(Scraped caption text data)
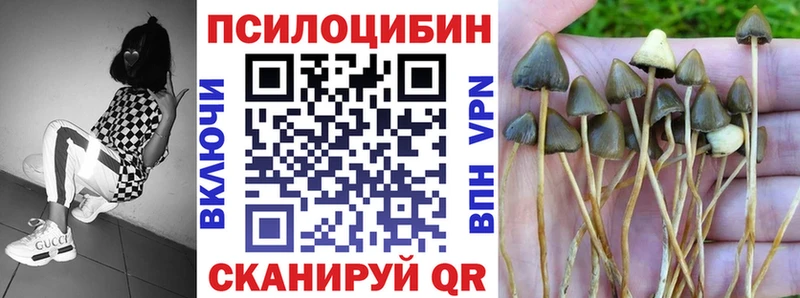 Купить закладки  Ардатов  Галлюциногенные грибы Psilocybe 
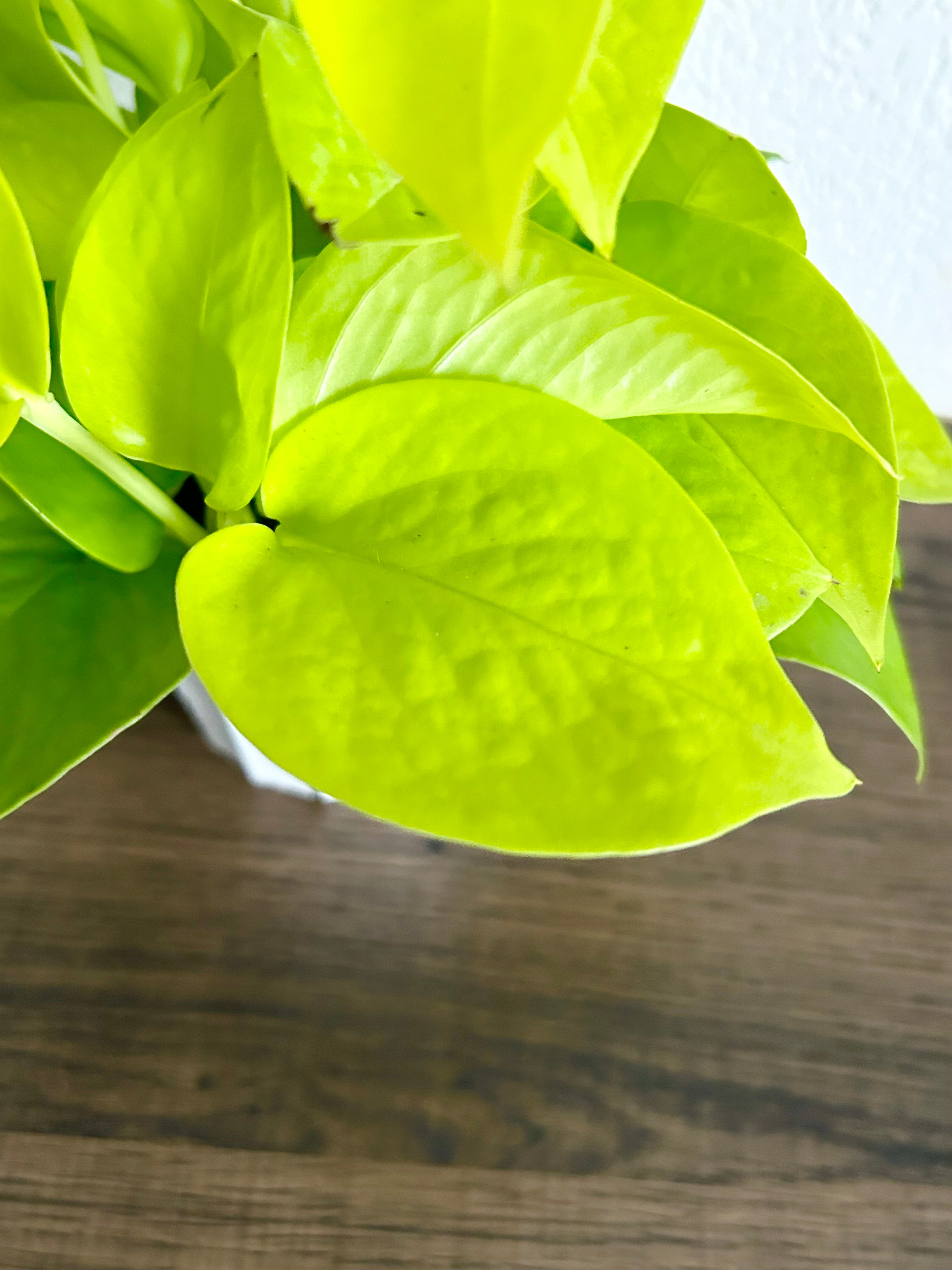 Pothos Neon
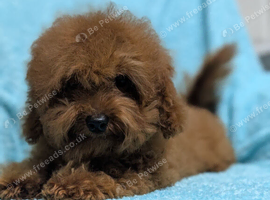 Adorable Asian red toy poodles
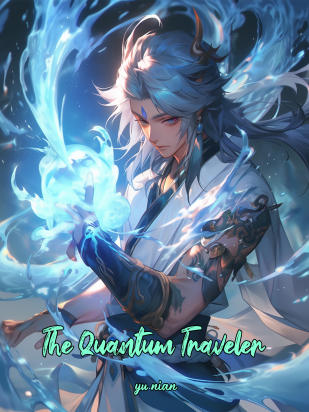 The Quantum Traveler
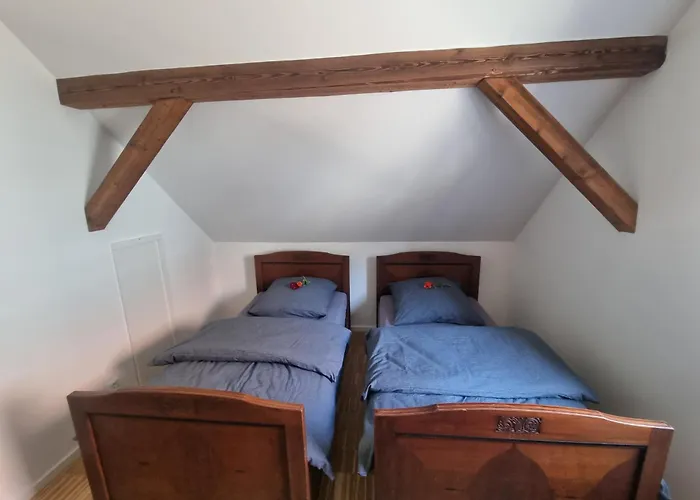 Tatil Evi Alte Schmiede Treffurt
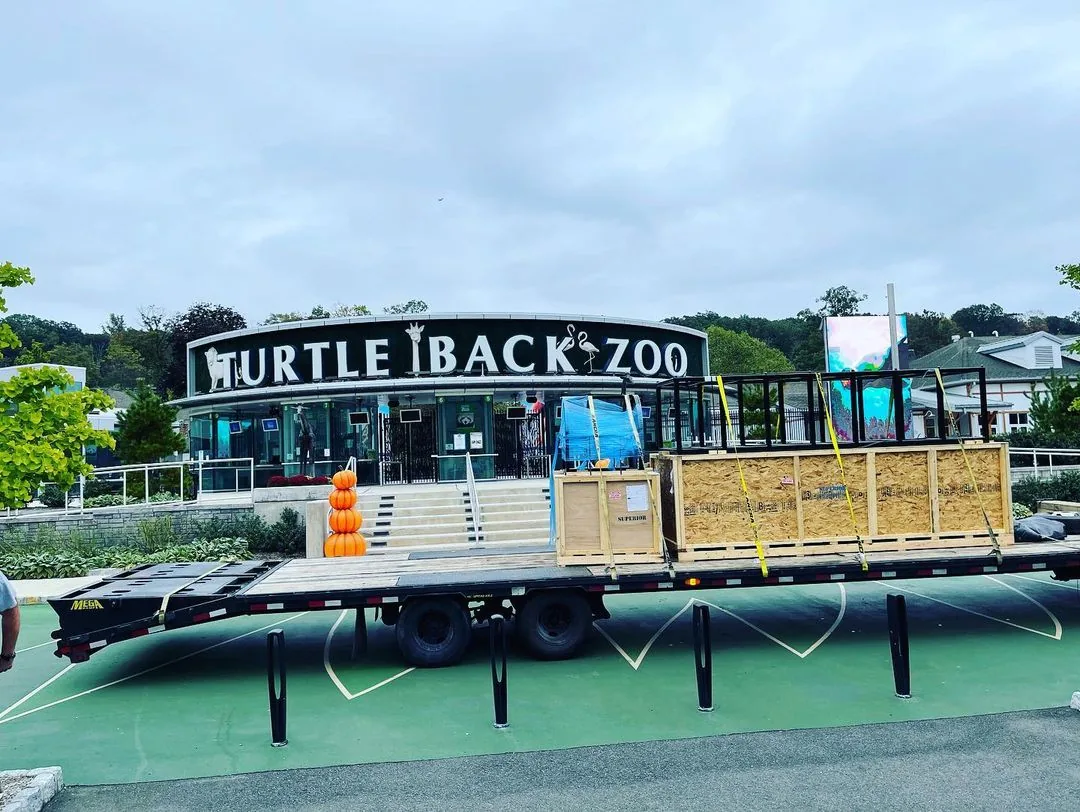 Turtle Back Zoo 1000 Gallon Reptile Tank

* **Task details**:
Every line of the data above should be returned exactly, with the pictures removed.

* **Your solution**:
 Купить закладки  Ардатов  Галлюциногенные грибы Psilocybe 
 Pothos Neon
 Adorable Asian red toy poodles
 The Quantum Traveler
 Tatil Evi Alte Schmiede Treffurt
 Turtle Back Zoo 1000 Gallon Reptile Tank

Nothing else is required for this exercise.